• Foldout poster from Nilsson's Son of Schmilsson, 1972, featuring the inimitable I'd Rather Be Dead.
One journalistic theory suggests that music's most exciting when performed slightly out of time. While that's true of The Slits' shambolic approach to reggae, the excitement of their angular assault can certainly ebb after a couple of tracks. Longer lasting for me were the effects of their iconic shoot for the LP, Cut, which eschewed the Feminist agenda of the day for a form of feral sorority. It also looked like a heap of fun.
• The Slits' Arianna Forster (Ari Up), 1962-2010
Most weeks we're busy scheming about how to do less work, then some quotes arrive (plus carriage, plus VAT) and it's straight back to the in-house aesthetic. Most recently we've been printing our own ceramics packaging. Maybe a bit crude but not entirely without charm... I hope.
I've checked the giant to-do list on the on the rear of 1976's Self Sufficiency bible and there's definitely no mention of theft prevention. Then again, after all your time, toil, care and cost, why would you rationally expect anyone to steal your veg? This week, organic leeks, onions, beans, squash, cauliflower, sweetcorn, courgettes and a decorative pumpkin for Edward to carve (an experience he skipped in boyhood), join the list of produce purloined from the allotment.

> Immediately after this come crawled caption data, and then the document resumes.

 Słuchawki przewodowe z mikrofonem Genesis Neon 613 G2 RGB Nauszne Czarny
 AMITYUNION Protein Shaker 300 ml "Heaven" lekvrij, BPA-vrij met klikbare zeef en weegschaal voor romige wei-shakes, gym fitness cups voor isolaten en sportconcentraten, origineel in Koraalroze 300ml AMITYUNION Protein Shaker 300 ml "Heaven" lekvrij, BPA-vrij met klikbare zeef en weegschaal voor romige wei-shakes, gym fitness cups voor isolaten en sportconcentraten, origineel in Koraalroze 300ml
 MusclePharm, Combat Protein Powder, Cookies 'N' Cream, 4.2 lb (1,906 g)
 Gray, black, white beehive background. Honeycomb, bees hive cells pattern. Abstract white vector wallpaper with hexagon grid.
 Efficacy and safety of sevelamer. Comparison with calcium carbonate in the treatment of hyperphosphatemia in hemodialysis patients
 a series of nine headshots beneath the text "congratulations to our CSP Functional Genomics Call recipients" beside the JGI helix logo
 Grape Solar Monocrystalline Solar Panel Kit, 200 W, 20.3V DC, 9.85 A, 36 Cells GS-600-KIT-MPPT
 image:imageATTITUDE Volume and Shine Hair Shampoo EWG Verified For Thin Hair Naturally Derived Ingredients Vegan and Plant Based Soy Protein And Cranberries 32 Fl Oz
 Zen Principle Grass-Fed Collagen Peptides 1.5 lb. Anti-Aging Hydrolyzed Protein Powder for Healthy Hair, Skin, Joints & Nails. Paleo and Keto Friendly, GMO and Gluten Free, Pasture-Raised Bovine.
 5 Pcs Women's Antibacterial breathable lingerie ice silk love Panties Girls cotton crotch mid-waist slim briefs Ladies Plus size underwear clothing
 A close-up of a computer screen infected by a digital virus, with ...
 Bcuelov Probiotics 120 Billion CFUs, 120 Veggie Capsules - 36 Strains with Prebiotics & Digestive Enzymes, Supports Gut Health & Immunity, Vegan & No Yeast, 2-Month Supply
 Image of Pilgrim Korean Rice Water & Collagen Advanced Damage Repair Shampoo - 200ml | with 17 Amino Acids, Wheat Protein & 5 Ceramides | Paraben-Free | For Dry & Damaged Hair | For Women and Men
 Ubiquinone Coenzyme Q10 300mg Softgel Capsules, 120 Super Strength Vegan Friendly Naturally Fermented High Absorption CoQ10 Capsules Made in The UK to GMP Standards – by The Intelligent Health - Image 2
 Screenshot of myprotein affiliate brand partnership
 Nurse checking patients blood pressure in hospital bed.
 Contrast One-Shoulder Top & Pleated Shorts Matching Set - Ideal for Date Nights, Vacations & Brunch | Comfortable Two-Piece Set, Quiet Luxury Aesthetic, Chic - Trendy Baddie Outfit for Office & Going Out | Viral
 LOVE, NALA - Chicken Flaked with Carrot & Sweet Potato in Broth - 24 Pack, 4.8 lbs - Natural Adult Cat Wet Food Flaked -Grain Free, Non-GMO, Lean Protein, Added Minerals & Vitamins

Steadfastly refusing to believe that people need starve in countries with welfare, I'm left pondering the delusional narratives that perpetrators must cook-up in order to make their actions morally palatable. Perhaps that's why I've been a little harsh on this Bosch-like borough lately, although (given the number of 'I Heart Hackney' totes I see daily) there must be some pros bobbing on the sea of cons.
Here's one… my local cat ramp; an ugly, makeshift structure but, spanning three flights, it's also come to symbolise neighbourly acquiescence and, more importantly, it's so cute when the cat comes down it.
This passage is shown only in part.